◆ Exercise aim
Please repeat exactly the lines from the one containing "Meet your Posher, Kimberly" through the last line of the records below, both included, and leave out any pictures.

◆ Input for this task
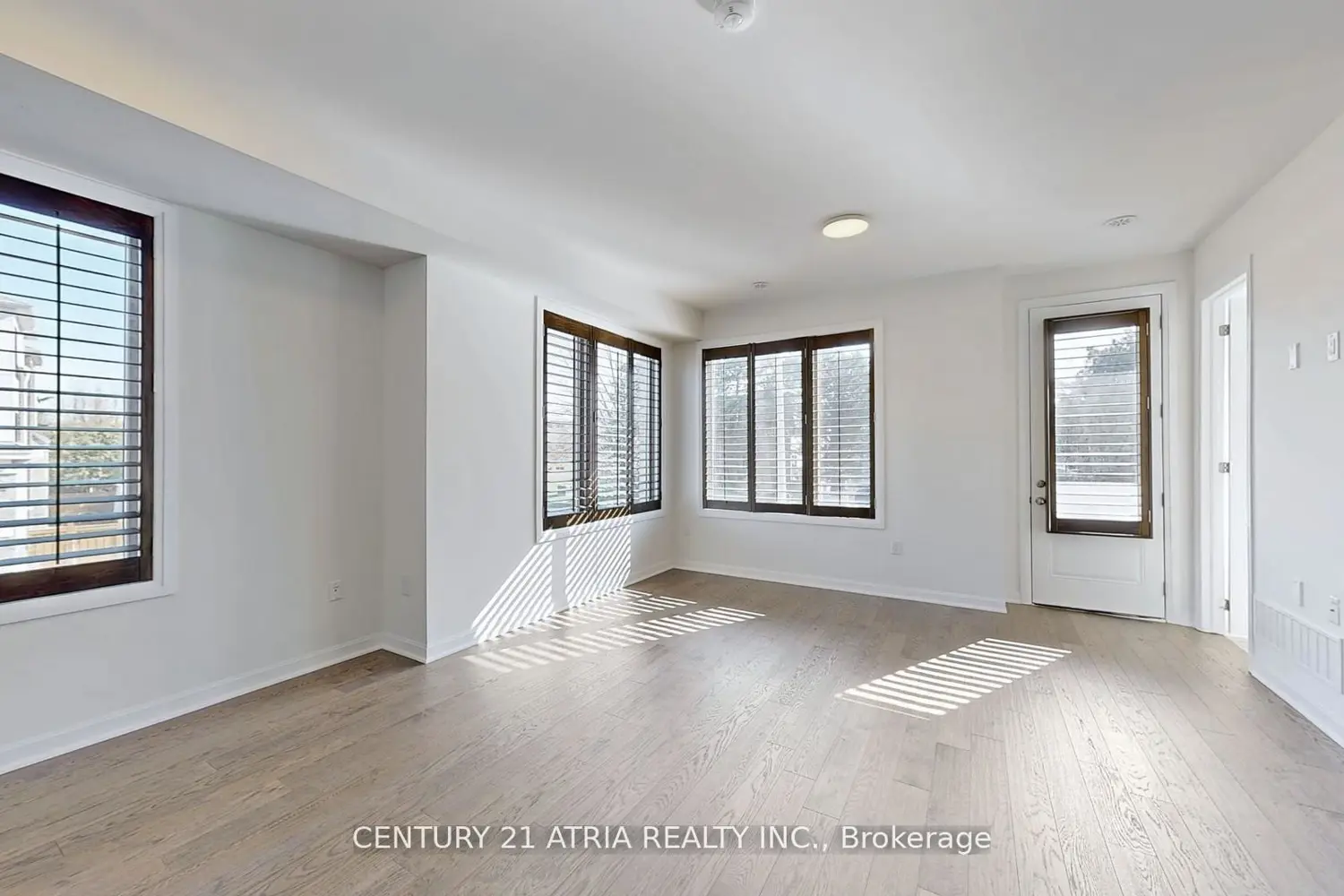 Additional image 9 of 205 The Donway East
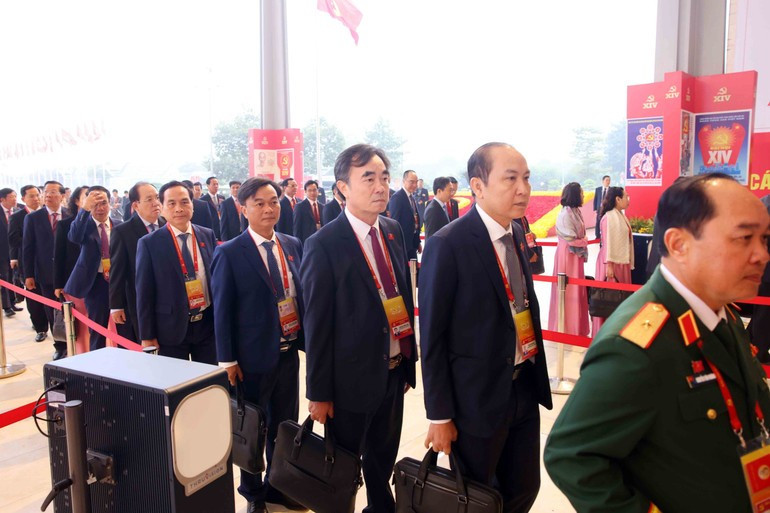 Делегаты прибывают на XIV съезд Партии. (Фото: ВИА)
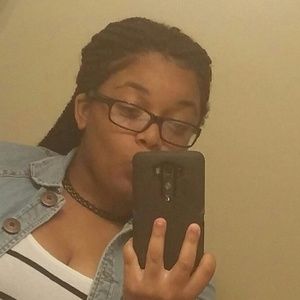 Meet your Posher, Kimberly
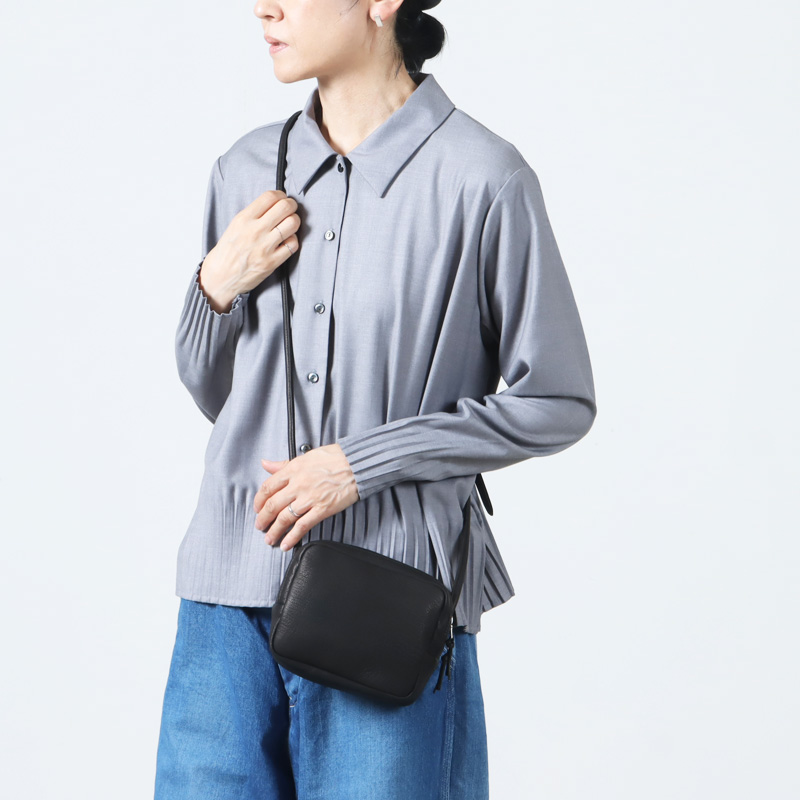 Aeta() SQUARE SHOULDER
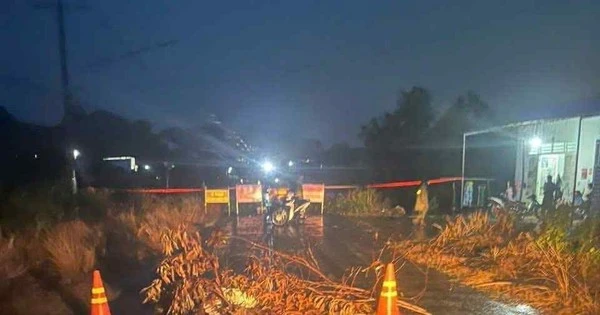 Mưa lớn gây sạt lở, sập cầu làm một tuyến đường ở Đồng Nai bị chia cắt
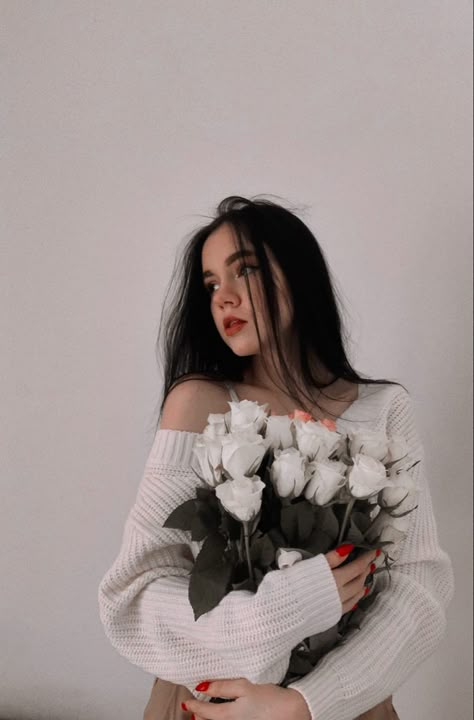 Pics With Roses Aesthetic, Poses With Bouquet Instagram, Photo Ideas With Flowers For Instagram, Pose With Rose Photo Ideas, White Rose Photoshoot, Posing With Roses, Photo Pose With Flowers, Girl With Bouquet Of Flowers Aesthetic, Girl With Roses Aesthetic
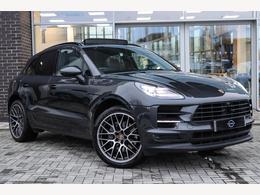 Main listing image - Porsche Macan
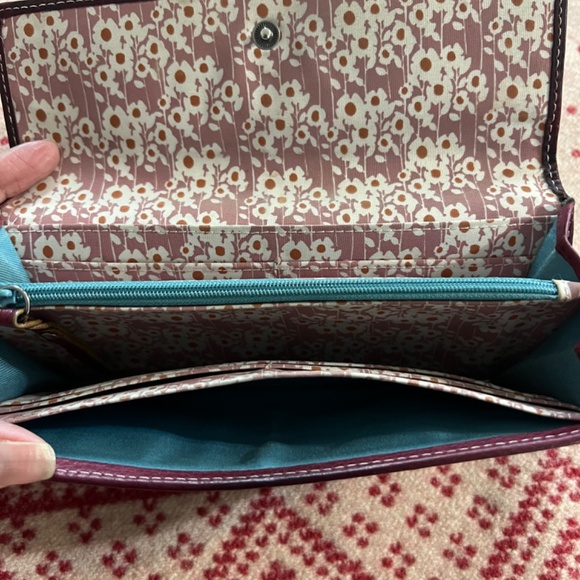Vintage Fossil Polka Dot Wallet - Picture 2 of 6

◆ Written answer
 Meet your Posher, Kimberly
 Aeta() SQUARE SHOULDER
 Mưa lớn gây sạt lở, sập cầu làm một tuyến đường ở Đồng Nai bị chia cắt
 Pics With Roses Aesthetic, Poses With Bouquet Instagram, Photo Ideas With Flowers For Instagram, Pose With Rose Photo Ideas, White Rose Photoshoot, Posing With Roses, Photo Pose With Flowers, Girl With Bouquet Of Flowers Aesthetic, Girl With Roses Aesthetic
 Main listing image - Porsche Macan
Vintage Fossil Polka Dot Wallet - Picture 2 of 6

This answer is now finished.